Connect to StarRocks with a SQL client
Run this command from the directory containing the docker-compose.yml
file.
If you are using a client other than the mysql CLI, open that now.
docker compose exec starrocks-fe \
mysql -P9030 -h127.0.0.1 -uroot --prompt="StarRocks > "
Examine the storage volume
SHOW STORAGE VOLUMES;
+------------------------+
| Storage Volume |
+------------------------+
| builtin_storage_volume |
+------------------------+
1 row in set (0.00 sec)
DESC STORAGE VOLUME builtin_storage_volume\G
Some of the SQL in this document, and many other documents in the StarRocks documentation, and with \G
instead
of a semicolon.
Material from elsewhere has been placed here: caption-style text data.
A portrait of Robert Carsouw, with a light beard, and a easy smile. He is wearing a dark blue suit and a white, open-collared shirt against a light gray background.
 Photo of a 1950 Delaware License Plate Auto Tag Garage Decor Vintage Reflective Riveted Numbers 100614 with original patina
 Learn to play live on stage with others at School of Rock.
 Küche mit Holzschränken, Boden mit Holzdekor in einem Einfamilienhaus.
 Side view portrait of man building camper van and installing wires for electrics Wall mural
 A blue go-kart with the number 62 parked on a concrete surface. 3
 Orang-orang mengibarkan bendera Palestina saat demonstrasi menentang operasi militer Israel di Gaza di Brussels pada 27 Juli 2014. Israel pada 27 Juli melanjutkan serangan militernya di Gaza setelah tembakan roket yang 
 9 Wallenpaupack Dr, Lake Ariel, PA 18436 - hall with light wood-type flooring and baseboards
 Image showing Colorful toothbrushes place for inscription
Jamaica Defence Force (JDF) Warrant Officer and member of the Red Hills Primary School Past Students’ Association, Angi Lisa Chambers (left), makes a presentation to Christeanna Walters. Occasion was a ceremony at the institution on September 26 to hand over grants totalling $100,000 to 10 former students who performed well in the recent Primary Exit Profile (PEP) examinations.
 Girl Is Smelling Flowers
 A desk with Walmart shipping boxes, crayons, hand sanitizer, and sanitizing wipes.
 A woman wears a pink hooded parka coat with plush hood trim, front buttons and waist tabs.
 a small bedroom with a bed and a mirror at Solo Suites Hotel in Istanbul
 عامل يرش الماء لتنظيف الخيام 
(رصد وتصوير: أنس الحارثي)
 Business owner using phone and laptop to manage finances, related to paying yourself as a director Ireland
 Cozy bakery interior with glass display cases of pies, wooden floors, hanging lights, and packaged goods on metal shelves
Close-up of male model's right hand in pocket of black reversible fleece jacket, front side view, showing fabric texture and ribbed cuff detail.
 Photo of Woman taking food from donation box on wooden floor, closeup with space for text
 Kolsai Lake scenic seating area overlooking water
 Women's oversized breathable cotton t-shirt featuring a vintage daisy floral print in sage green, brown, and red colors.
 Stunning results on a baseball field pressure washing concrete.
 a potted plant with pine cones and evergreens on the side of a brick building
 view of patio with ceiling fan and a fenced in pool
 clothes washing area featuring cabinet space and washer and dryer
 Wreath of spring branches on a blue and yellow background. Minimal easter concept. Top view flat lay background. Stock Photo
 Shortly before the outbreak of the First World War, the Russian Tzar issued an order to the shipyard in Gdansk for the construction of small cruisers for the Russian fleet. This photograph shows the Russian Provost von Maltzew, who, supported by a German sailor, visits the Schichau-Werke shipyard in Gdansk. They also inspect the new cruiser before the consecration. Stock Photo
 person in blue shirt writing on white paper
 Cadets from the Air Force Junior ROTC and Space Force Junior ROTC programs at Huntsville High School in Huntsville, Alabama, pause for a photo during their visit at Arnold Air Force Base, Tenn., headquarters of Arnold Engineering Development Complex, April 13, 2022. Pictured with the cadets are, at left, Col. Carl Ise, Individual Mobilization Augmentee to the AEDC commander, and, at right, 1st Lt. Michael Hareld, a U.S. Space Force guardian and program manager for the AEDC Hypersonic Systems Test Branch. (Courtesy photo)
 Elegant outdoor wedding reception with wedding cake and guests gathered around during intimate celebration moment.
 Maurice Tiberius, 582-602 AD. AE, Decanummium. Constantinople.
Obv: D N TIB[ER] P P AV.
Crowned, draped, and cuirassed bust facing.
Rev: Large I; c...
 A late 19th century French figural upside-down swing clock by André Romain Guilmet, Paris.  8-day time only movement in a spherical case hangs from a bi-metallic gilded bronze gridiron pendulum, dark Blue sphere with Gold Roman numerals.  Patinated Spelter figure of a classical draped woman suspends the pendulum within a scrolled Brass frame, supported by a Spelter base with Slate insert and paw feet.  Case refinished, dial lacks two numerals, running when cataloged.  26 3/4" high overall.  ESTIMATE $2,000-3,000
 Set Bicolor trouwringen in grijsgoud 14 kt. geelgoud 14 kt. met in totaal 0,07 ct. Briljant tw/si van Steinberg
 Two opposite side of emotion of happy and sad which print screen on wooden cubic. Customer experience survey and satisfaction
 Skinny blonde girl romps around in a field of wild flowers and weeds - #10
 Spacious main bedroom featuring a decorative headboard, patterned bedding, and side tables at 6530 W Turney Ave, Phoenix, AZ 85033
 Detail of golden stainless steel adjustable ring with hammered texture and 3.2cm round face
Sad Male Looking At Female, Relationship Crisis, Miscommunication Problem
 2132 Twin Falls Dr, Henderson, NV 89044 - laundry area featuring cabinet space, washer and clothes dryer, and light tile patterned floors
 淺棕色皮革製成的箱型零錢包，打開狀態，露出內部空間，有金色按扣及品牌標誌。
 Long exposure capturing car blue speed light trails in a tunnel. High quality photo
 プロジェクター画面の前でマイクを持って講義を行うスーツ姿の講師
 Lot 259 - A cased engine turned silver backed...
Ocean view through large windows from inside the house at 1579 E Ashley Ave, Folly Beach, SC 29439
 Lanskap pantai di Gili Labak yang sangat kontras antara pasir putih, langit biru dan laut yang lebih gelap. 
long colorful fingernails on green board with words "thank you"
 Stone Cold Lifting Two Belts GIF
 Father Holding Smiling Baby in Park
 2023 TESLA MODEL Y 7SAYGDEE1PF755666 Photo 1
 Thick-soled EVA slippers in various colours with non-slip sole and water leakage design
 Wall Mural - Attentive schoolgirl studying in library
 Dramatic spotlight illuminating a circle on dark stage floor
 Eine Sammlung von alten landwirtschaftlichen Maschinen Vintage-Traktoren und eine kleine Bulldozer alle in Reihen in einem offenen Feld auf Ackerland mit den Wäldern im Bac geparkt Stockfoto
The \G
causes the mysql CLI to render the query results vertically.
Many SQL clients do not interpret vertical formatting output, so you should replace \G
with ;
.
*************************** 1. row ***************************
Name: builtin_storage_volume
Type: S3
IsDefault: true
Location: s3://starrocks
Params: {"aws.s3.access_key":"******","aws.s3.secret_key":"******","aws.s3.endpoint":"minio:9000","aws.s3.region":"","aws.s3.use_instance_profile":"false","aws.s3.use_aws_sdk_default_behavior":"false"}
Enabled: true
Comment:
1 row in set (0.03 sec)
Verify that the parameters match the configuration.
The folder builtin_storage_volume
will not be visible in the MinIO object list until data is written to the bucket.
Create a table
These SQL commands are run in your SQL client.
CREATE DATABASE quickstart;
USE quickstart;
CREATE TABLE site_clicks (
`uid` bigint NOT NULL COMMENT "uid",
`site` string NOT NULL COMMENT "site url",
`vtime` bigint NOT NULL COMMENT "vtime"
)
DISTRIBUTED BY HASH(`uid`)
PROPERTIES("replication_num"="1");
Open the Redpanda Console
There will be no topics yet, a topic will be created in the next step.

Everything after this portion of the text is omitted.